Homeless providers believe the incident is evidence the criminal justice and mental health systems are broken.
"People are at risk," said Laurie MacDonald of the Center for Victims of Violent Crime. "People have been murdered, people have been raped, people have been terrorized."
In recent months, there have been a series of random assaults on Downtown office workers committed by people described as homeless who had been arrested multiple times prior.
Although homeless providers say the majority of homeless people suffer from some form of mental illness, addiction or a combination, in each case the offenders had seen little or no jail time and there was no evidence of them receiving mental health treatment.
"The system is broken," MacDonald said. "It's been broken for a very long time. They don't go to jail.
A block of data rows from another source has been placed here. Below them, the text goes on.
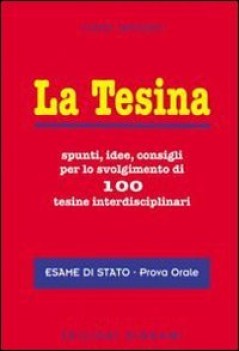 tesina 100 spunti idee consigli per svolgimento tesine interdisciplinari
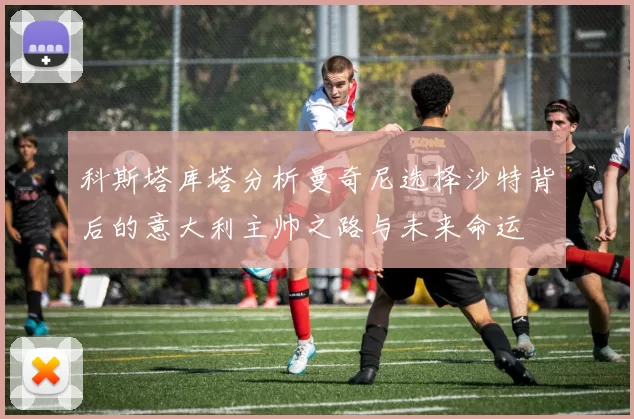 科斯塔库塔分析曼奇尼选择沙特背后的意大利主帅之路与未来命运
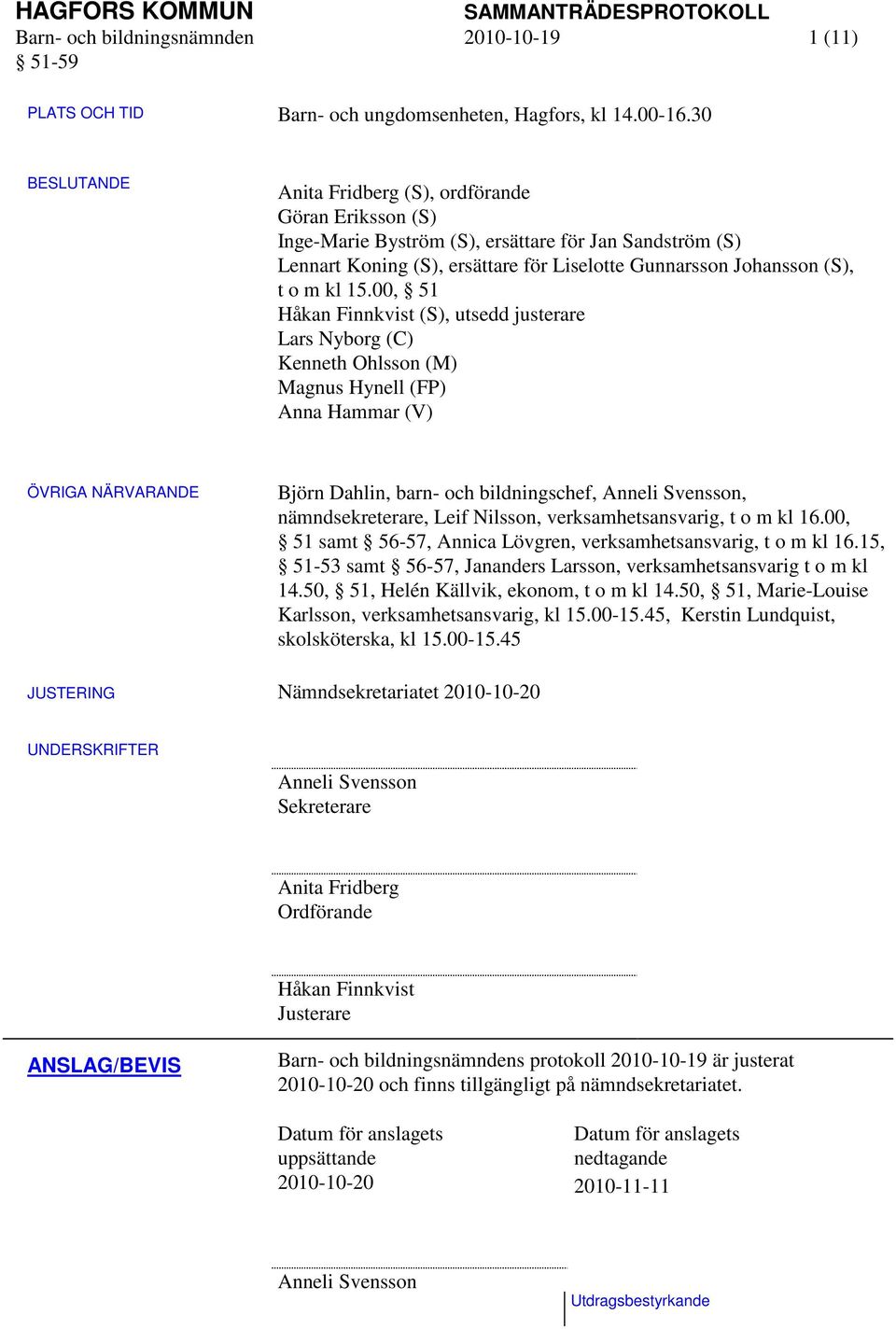 15.00, 51 Håkan Finnkvist (S), utsedd justerare Lars Nyborg (C) Kenneth Ohlsson (M) Magnus Hynell (FP) Anna Hammar (V) ÖVRIGA NÄRVARANDE Björn Dahlin, barn- och bildningschef, Anneli Svensson,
They don't get the help they need."
Providers like Light of Life Rescue Mission Director Jerrel Gilliam say that left untreated, some of them with severe mental illness can become violent.
"That's where intervention is needed," Gilliam said. "And if untreated, they tend to get worse."
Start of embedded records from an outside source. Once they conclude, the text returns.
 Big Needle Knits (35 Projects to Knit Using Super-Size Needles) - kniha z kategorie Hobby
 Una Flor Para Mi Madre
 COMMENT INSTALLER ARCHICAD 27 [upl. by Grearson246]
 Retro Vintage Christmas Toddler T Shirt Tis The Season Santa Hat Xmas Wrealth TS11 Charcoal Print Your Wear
In October, police arrested Anthony Quesen -- who they also describe as homeless -- charging him with fatally stabbing Benjamin Brallier on the Montour Trail.
On Friday, police arrested Hough on the North Side. According to the police report, Hough stalked the woman in Downtown and onto a bus before following her to her home, where they say he "punched her, pulled her hair and caused her arms to bruise and bleed while forcing her to the second floor of her residence." The report goes on to say, "Hough threw her to the ground whereupon she struck her head. She alleged that while on the floor Hough had raped her."
While it appears Hough will be going back to prison for a long time, Gilliam says the mental health system needs the capacity to identify people like him, take them off the street and get them the help and treatment they need.
"To get into the system to be assessed and stabilized before they're let loose in our community," Gilliam said. "That's where we need to come together, have courageous conversations so we can have a safe society."
Hough was denied bail and will remain in jail until he faces trial.